Someone is killing the biggest music celebrities around, and pop singer Justin Bieber is just the latest casualty, gunned down in the Rome night by a motorcycle assassin as he was trying to seek sanctuary in the house of Sting. Interpol are onto this mystery, and one of their top agents, Valentina Valencia (Penélope Cruz), is in charge of the investigation, noting well that the deceased stars' final act was to send a selfie to a trusted associate, pulling an expression that looked highly familiar to anyone who had been around fifteen years before. It is clear to Valentina that they were impersonating the long-forgotten supermodel Derek Zoolander (Ben Stiller) - but for what possible purpose?
The first Zoolander was a bit of a flop, something which picked up its audience on home video after a disappointing run at the cinemas. Its relentless absurdity was to strike the funny bone of a generation of comedy buffs, and to this day it enjoys a strong cult following, which it is doubtful the belated sequel would have. Stiller by this point had got into a state of thinking that saw his films have as much money thrown at them as possible: Tropic Thunder had been a pretty substantial hit, and that had cost a fortune, but his remake of The Secret Life of Walter Mitty had not performed as well, though if anything it was even more expensive. Zoolander 2 might have been more effective on the budget of the original.

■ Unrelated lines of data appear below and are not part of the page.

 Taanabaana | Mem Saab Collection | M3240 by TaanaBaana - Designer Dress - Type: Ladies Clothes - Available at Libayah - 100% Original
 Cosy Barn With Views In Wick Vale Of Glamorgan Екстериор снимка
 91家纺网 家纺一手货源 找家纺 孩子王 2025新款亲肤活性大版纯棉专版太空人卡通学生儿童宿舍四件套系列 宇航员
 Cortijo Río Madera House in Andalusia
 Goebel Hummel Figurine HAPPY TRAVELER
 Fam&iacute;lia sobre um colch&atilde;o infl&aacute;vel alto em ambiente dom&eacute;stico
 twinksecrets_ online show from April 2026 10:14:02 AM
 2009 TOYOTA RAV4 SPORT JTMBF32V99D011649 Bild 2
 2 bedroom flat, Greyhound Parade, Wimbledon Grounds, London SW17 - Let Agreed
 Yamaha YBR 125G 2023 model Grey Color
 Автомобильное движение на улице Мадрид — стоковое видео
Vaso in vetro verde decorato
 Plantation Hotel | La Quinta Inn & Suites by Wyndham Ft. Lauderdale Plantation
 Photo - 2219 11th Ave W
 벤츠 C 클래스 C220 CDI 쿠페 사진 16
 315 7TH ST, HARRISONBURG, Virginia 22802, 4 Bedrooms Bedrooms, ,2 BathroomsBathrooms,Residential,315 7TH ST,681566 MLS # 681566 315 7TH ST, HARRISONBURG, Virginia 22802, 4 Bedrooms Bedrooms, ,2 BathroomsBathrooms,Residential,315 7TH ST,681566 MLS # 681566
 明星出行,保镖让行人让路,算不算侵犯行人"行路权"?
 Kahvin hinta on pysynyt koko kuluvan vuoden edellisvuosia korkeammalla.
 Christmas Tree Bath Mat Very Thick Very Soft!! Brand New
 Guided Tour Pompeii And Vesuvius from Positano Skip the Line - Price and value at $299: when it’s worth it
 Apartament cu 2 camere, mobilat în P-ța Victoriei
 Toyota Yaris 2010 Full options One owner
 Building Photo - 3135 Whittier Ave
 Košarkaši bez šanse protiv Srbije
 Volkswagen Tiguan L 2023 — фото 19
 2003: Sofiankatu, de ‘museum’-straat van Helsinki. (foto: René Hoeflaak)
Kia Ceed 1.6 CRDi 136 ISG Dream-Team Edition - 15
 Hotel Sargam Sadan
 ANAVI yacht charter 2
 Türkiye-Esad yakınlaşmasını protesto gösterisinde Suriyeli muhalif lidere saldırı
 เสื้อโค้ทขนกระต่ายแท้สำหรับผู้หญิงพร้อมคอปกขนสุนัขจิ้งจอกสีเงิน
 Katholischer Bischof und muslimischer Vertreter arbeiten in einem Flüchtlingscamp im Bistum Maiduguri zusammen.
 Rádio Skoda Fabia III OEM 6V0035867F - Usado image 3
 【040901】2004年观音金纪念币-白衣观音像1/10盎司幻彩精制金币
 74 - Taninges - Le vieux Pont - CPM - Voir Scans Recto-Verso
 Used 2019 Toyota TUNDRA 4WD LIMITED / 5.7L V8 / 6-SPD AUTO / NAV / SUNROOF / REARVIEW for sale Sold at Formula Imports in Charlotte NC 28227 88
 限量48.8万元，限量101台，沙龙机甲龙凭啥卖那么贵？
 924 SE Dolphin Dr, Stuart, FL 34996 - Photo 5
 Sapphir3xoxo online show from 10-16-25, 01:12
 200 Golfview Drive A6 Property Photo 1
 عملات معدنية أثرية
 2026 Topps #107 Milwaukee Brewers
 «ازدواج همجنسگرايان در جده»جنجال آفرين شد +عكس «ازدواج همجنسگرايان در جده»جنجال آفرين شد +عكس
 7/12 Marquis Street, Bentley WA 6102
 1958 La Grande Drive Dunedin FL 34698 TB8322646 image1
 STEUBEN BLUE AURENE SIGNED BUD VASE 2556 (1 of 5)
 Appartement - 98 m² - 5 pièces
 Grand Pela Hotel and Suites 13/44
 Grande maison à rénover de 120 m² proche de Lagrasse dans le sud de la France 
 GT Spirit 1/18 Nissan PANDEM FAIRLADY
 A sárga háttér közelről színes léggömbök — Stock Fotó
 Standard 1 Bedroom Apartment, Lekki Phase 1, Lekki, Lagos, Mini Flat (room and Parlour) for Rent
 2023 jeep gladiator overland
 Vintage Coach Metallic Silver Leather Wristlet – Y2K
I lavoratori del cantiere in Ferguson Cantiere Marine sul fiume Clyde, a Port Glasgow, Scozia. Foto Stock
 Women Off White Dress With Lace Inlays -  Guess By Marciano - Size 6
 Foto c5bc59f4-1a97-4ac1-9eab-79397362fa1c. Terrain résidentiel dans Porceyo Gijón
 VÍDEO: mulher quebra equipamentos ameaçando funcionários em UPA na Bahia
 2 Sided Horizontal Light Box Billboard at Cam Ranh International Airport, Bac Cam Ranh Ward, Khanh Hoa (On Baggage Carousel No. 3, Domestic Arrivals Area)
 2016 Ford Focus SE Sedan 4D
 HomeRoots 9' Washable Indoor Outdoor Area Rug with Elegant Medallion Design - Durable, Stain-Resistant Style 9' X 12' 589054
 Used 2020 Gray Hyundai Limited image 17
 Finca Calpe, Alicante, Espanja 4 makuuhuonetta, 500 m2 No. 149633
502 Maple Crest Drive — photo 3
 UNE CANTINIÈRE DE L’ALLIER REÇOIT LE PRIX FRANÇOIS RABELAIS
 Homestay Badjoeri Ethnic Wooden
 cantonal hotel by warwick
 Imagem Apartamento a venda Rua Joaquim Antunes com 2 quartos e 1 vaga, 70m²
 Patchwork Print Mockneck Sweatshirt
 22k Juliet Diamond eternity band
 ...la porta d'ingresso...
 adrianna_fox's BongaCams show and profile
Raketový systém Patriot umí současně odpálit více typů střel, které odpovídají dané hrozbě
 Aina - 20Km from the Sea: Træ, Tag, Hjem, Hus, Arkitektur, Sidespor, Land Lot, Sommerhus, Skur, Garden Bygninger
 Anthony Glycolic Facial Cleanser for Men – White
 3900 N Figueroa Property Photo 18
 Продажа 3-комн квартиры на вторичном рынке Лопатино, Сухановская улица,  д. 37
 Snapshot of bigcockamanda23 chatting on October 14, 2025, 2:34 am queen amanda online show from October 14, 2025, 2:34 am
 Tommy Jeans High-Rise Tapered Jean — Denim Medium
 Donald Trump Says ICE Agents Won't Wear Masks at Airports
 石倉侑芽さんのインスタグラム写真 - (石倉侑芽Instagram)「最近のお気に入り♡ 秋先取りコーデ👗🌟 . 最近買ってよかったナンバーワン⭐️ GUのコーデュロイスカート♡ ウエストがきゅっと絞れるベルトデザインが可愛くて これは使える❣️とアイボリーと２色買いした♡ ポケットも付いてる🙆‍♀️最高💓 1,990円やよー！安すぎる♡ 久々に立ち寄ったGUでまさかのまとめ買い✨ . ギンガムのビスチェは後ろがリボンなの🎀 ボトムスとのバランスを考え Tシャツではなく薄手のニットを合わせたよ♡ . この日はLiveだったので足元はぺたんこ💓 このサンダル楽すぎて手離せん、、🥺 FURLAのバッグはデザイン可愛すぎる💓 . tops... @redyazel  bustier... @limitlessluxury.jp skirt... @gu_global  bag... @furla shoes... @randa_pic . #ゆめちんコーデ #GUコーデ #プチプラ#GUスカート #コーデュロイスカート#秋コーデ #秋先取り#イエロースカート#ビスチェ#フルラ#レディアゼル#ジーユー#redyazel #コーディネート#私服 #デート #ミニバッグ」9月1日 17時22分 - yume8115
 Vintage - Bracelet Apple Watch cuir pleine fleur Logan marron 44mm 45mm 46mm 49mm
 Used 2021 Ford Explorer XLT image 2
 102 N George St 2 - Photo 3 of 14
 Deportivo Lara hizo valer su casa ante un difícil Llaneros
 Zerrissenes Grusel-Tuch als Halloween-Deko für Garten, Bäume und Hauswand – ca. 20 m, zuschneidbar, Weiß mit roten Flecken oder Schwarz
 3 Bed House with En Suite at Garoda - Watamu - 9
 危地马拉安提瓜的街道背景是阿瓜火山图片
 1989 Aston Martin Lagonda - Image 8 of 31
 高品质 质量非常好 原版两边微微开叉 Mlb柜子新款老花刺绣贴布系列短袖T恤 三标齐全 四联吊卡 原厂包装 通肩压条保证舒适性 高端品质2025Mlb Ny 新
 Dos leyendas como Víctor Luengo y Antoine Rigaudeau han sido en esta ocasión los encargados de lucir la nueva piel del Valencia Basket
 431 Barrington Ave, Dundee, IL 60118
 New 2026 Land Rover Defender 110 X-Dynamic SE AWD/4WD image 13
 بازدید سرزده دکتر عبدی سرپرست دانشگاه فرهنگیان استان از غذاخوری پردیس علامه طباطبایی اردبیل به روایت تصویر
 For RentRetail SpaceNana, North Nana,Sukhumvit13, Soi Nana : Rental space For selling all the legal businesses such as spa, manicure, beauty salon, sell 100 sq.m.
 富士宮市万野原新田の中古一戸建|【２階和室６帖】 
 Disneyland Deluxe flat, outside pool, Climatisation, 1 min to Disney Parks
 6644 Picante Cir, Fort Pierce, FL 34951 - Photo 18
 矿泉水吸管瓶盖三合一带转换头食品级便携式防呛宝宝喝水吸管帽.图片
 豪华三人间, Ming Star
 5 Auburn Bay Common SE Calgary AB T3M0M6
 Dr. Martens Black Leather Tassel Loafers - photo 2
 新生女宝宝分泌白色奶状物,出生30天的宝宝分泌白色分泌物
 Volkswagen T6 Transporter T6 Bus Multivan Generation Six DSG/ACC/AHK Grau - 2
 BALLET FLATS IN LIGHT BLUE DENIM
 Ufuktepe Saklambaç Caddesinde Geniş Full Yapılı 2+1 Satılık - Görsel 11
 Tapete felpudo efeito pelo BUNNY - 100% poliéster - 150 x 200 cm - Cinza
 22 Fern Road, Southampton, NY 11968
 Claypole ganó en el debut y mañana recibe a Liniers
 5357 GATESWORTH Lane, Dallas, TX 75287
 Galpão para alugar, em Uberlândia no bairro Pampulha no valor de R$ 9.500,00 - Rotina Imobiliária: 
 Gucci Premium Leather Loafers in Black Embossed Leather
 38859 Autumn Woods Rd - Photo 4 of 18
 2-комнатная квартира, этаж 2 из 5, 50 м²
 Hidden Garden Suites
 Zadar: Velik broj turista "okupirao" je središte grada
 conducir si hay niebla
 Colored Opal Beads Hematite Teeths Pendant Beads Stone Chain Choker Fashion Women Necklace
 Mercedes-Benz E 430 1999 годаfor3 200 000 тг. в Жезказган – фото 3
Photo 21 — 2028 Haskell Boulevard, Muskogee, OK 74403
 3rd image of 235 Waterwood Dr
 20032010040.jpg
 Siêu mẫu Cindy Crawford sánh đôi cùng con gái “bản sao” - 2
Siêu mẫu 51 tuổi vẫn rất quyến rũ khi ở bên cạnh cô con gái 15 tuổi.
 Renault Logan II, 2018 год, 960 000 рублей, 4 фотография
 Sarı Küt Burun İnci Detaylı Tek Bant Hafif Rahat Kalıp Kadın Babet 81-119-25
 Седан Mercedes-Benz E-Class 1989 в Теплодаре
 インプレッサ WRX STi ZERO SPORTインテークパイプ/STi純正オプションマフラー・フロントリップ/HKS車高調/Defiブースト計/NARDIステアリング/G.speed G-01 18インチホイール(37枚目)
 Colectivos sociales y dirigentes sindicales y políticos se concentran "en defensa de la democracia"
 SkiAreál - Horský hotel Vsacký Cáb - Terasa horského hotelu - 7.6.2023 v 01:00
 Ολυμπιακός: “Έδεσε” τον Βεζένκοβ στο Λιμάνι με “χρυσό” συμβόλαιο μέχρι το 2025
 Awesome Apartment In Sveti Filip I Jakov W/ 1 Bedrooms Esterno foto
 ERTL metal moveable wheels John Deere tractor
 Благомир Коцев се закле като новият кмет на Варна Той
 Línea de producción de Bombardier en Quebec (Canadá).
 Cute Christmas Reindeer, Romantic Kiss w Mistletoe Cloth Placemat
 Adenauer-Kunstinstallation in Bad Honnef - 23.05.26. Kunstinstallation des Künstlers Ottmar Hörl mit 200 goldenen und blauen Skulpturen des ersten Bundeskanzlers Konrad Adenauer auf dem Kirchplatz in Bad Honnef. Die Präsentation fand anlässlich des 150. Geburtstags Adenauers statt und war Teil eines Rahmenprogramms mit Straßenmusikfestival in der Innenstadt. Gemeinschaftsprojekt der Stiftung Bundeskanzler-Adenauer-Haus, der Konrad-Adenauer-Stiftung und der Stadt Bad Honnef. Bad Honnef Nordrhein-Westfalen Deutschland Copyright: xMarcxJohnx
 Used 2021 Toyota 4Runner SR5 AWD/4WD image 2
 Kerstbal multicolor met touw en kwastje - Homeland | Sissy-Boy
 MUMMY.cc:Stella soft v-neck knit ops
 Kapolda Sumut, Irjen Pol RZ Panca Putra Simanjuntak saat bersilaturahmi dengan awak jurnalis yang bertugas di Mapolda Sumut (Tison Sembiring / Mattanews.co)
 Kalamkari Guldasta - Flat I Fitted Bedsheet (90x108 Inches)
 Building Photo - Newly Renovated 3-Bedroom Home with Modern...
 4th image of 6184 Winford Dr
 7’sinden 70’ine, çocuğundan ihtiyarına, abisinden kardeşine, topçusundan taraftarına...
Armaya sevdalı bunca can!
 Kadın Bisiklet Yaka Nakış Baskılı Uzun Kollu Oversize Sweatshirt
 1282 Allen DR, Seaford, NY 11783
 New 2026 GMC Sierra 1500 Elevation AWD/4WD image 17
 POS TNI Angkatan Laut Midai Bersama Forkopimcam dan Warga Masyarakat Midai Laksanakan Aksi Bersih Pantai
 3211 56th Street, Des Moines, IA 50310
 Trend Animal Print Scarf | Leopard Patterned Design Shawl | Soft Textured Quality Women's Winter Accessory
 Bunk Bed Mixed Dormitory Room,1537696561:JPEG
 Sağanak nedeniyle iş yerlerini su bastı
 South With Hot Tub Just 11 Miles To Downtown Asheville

As it was, the public rejected it and it was not difficult to see why, for while the initial time around there was a sense of Stiller and his chums making fun of something from an outsider's perspective, goodnaturedly but with a keen notion of what was making these characters ridiculous, in this sequel they were very much the insiders, and that did make a difference. You don't necessarily have to appreciate the targets of your humour from one remove, after all self-deprecating jokes can be very amusing and even endearing, but there was little attempt to accept those of us in the audience into this inner circle of celebrity, which proved fatal for any potential laughter they were hoping to generate.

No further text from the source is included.